РИММА АРТЕМЬЕВА. Член правления Союза православных граждан Казахстана, член Союза писателей Казахстана, член Союза журналистов РК
Эссе
«Кто говорит, что на войне не страшно
Тот ничего не знает о войне»
Юлия Друнина
Сегодня, когда в мире опять начинает прорастать нацизм, своими ядовитыми ростками, отравляя души тех, кто еще даже не научился любить (жизнь, Родину, близких ...), но так быстро учится ненавидеть. Когда мир предпочитает не помнить слов «Спасибо за жизнь!», которые в 1945 году были главными в адрес СССР и стран, помогавшим победить Великую Отечественную и вторую мировую войну, победить фашизм во всем мире.
Сегодня, когда многие пытаются переписать историю, умаляя значимость подвига народа СССР, приписывая себе заслуги и приоритет этой победы, невозможно вновь и вновь не обращаться к документам, литературе, мемуарам и исповедям, к памяти о Великой Отечественной войне. О войне, которая оставила след в каждой семье когда-то огромной многонациональной страны, в семьях Европы. О войне, которая не только физически уничтожила миллионы людей, но и на многие поколения вперед осиротила миллионы семей, украв у них любовь и поддержку родных, погибших на поле боя.

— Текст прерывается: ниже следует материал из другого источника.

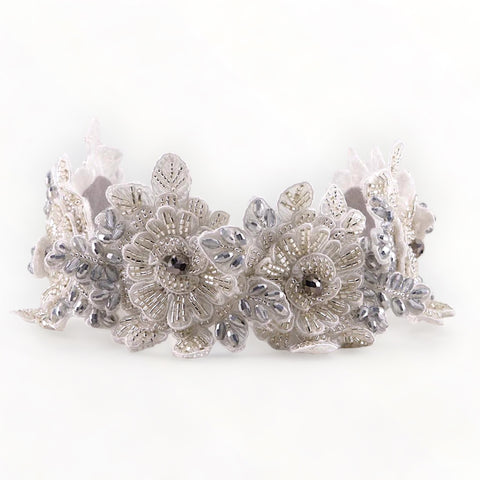 Luxury Girls Silver Hair Accessories by Sienna Likes to Party
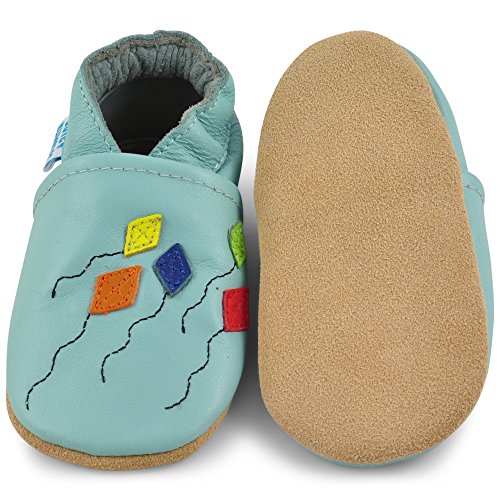 image for Juicy Bumbles Beautiful Soft Leather Baby Shoes - Toddler Shoes with S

О войне, по которой наше поколение до сих пор меряет жизнь, поступки, память…
Те, кто прошел и победил эту войну — не любят вспоминать о ней. Только желают всегда, чтобы ужас этот больше никогда и нигде не повторился.
Думаю, что самое страшное, что можно отнять у человека – это отнять память.
Тогда опыт ничему не учит, истина меняет вектор, человеческая жизнь обесценивается.
То, что происходит в мире сейчас, как никогда, подтверждает это…
Мое самое первое, детское знание о войне связано с фильмом «Альпийская баллада» по одноименной повести Василя Быкова. Фильм вышел на широкий экран 1966 году, во времена, когда не было принято раскрывать ту самую «окопную правду», которую встречала в штыки официальная критика. Такие нападки в полной мере пришлось испытать и В. Быкову. Ему доставалось еще и за то, что большинство своих произведений он печатал в «Новом мире» А.Т.Твардовского, журнале, который был главным и постоянным объектом сокрушительных атак ярых противников правды в литературе. Особенно жестоким нападкам подверглись повести Быкова «Мертвым не больно», «Атака с ходу» и «Круглянский мост».
Меня, тогда совсем еще ребенка, потрясло то, как в фильме было рассказано об этой чудовищной войне. В этой истории, казалось бы, личной трагедии Ивана Терешки из Беларуси и Джулии Новелли из Рима не было масштабных сражений, наступления армий, но все время сохранялись напряжение и страх самого автора за жизнь своих героев, которые невольно передавались зрителю...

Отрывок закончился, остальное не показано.